You ever have one of those annoying programming moments where you know something isn't working, but for the life of you, you can't figure out why? And then, after spending way too much time on it, it turns out to be a stupid little typo or something like that? And then you're not sure whether to curse yourself for being so stupid or the compiler/interpreter/whatever for not providing a half-way meaningful error message?
I had one of those the other day. I was writing some PHP code to update a MySQL database using the object-oriented interface to the MySQL Improved extension. My problem was that my call to the
$connection->prepare($sql) method was failing for no apparent reason.
For those who aren't PHP programmers, PHP 5 introduced MySQL Improved, or mysqli, a new extension for accessing MySQL databases. This includes support for prepared SQL statements. That basically means that you can parameterize your SQL, compiling the SQL and then injecting values from your code into the syntax and type-checked statement. This is a huge improvement over the old, hideously insecure method of just building up a string in code and passing it wholesale to the database.

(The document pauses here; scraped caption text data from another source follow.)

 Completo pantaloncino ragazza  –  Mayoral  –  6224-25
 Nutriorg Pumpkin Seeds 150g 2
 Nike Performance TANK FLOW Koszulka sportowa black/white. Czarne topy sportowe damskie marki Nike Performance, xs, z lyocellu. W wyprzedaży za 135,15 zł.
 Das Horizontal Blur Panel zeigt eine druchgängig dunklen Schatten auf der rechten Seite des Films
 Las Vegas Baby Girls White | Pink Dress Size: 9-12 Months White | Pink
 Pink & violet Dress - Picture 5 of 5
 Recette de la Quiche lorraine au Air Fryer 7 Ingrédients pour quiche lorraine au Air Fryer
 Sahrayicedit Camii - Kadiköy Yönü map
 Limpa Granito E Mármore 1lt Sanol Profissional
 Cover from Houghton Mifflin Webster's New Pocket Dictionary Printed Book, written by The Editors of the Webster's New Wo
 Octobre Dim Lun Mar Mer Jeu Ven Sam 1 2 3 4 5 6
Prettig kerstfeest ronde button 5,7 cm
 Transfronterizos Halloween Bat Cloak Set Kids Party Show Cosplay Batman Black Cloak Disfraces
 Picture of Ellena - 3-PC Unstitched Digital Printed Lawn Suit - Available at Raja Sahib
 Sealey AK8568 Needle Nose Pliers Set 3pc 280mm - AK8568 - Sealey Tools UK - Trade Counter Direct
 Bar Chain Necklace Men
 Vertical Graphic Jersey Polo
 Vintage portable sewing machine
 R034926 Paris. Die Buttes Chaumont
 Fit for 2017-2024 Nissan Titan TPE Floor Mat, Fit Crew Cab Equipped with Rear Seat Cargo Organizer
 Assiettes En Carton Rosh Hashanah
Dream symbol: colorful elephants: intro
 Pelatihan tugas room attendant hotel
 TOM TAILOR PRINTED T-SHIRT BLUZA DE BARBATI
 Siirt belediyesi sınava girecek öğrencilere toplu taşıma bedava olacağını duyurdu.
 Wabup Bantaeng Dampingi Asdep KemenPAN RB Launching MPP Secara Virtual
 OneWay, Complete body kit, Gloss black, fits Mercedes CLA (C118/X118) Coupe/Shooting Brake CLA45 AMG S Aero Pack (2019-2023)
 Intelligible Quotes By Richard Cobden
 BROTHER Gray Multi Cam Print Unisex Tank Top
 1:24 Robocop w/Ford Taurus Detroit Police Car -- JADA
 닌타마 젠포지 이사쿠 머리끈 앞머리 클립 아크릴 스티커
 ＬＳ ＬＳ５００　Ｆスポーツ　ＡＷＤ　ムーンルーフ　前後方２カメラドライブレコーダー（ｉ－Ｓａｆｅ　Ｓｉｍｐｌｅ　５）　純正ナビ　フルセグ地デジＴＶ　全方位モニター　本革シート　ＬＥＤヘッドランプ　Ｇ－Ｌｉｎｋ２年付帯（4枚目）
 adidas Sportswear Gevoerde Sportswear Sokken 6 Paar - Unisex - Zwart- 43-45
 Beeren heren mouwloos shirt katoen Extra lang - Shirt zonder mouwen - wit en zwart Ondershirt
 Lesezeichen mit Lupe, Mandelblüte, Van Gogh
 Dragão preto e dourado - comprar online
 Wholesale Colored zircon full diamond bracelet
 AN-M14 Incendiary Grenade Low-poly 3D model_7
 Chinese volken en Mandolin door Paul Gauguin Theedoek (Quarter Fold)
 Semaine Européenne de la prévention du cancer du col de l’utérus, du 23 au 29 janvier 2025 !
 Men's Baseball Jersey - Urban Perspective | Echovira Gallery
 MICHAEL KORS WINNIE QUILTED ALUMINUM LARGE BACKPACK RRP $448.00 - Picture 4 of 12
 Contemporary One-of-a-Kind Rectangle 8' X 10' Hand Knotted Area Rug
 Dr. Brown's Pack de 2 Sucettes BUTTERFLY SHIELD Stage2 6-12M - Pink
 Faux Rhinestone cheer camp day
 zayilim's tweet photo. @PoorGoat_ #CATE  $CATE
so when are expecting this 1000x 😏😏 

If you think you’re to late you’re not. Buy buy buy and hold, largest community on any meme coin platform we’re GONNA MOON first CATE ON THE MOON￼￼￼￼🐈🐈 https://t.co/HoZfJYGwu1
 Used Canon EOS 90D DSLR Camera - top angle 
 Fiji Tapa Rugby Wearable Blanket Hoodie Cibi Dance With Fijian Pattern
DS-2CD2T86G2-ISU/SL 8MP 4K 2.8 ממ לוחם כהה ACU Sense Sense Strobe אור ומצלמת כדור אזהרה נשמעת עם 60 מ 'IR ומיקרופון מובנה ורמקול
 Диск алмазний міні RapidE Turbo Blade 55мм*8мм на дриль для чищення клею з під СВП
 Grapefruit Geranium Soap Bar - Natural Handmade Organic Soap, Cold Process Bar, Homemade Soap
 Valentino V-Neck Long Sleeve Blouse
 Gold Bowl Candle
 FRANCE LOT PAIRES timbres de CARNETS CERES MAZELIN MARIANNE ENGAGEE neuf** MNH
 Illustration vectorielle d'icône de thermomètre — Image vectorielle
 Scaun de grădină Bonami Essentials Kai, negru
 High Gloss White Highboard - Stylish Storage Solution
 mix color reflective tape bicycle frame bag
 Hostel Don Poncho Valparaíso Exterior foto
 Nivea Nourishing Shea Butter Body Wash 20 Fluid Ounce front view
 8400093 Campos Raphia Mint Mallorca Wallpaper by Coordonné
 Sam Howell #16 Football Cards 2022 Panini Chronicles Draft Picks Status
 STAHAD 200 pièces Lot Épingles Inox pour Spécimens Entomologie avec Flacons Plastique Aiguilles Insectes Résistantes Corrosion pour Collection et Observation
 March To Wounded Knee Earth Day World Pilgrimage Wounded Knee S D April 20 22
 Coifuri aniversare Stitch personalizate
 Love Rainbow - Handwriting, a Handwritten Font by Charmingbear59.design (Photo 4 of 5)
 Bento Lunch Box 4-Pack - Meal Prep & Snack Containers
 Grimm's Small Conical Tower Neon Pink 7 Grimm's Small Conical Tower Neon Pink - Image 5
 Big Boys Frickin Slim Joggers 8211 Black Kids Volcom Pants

Anyway, my problem was with the method that prepares an SQL statement. In particular, its return value - it returns a prepared statement object on success, false on failure. In my case, the method was returning false, which meant that MySQL couldn't prepare my statement because...well, it just couldn't. No exception, no message saying what was wrong with the query, just a failure code.
My question is: why? Wouldn't it make more sense to at least raise a warning to give you some idea of why the prepare failed? Or at least set the last error message for the connection? MySQL presumably has some idea why the prepare failed. Why can't the mysqli extension pass that on? After all, machines are good at finding typos. Much better than the developers who put them there in the first place.